**PROBLEM TO SOLVE**
The listing below holds pictures; exclude them. Return exactly the lines from the one with "Appartement" through the one with "MG ZS Luxury".

**DATASET EXCERPTS**

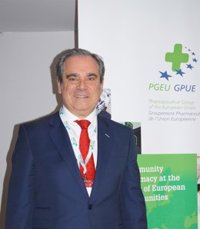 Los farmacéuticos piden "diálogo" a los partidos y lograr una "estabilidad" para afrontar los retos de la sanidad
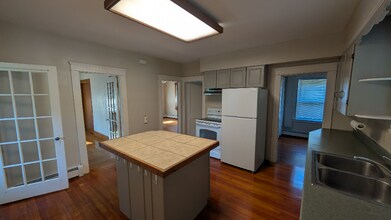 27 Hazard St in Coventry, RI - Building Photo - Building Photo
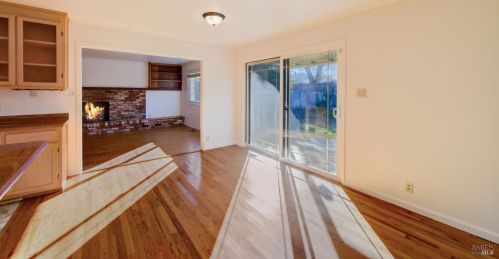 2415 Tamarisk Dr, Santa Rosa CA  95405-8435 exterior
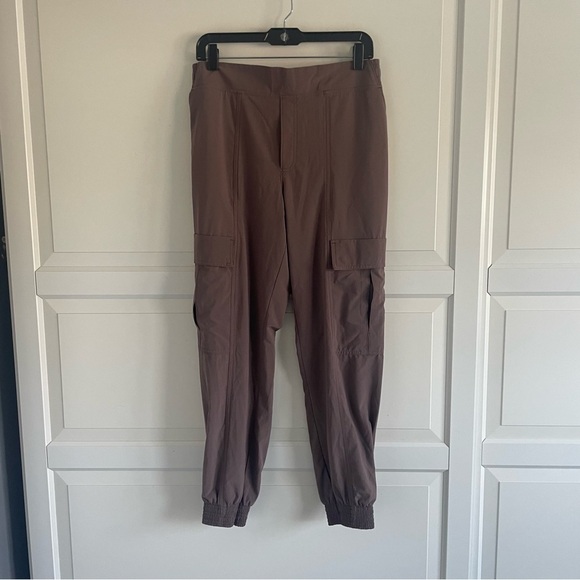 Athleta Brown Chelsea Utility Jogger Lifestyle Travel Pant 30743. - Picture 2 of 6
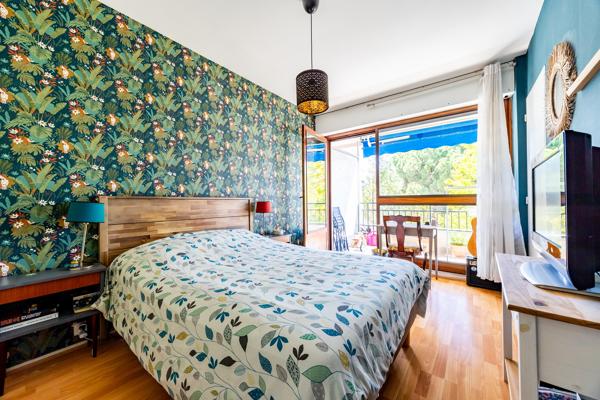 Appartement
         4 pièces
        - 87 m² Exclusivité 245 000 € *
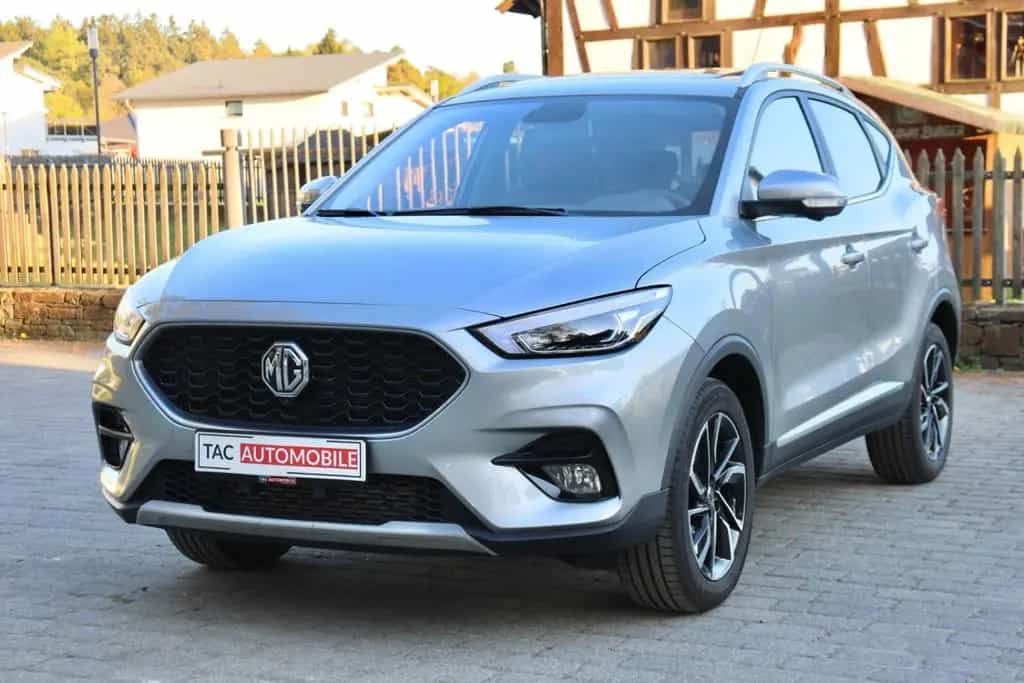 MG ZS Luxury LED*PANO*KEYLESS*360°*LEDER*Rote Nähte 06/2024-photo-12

---

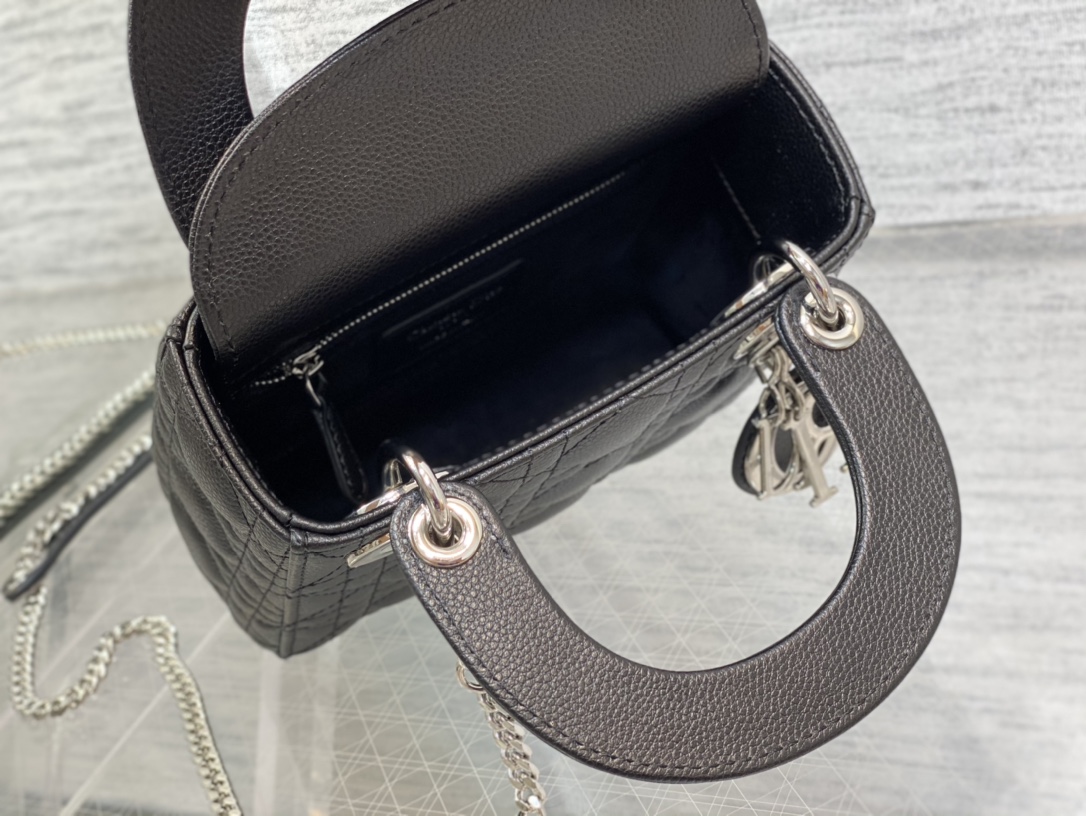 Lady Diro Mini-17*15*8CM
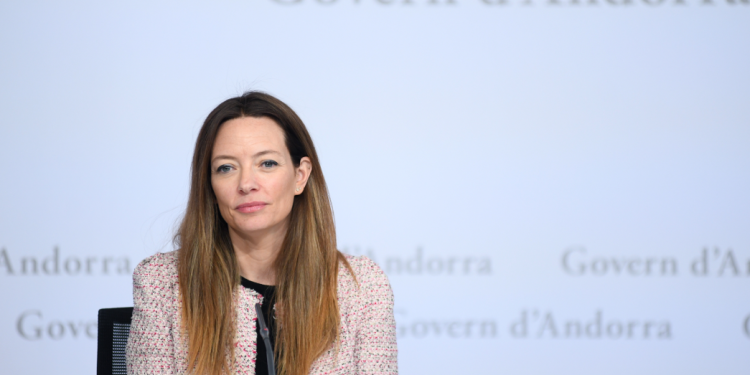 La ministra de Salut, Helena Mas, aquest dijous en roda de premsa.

**TASK RESPONSE**
 Appartement
         4 pièces
        - 87 m² Exclusivité 245 000 € *
 MG ZS Luxury LED*PANO*KEYLESS*360°*LEDER*Rote Nähte 06/2024-photo-12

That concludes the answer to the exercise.